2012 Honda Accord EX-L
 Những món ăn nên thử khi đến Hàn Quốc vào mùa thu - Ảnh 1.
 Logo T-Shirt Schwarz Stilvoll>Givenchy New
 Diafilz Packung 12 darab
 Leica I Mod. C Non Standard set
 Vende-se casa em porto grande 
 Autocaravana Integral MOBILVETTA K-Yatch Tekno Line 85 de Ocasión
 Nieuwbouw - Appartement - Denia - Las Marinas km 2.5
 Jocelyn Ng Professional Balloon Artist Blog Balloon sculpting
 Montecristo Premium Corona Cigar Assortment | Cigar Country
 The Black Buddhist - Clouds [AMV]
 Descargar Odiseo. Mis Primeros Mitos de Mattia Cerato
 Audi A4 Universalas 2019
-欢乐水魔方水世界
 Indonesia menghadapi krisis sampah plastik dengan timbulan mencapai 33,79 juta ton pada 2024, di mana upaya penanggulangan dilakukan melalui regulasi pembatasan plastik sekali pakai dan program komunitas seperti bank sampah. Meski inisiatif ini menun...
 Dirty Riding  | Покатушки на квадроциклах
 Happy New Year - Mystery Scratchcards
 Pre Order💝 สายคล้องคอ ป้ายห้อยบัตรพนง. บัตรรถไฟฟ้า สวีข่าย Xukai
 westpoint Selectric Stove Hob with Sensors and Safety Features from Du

Required work: Find "Pre Order💝 สายคล้องคอ" in the entries above, then repeat its line and all lines after it exactly, down to the last line.

Answer space:
 Pre Order💝 สายคล้องคอ ป้ายห้อยบัตรพนง. บัตรรถไฟฟ้า สวีข่าย Xukai
 westpoint Selectric Stove Hob with Sensors and Safety Features from Du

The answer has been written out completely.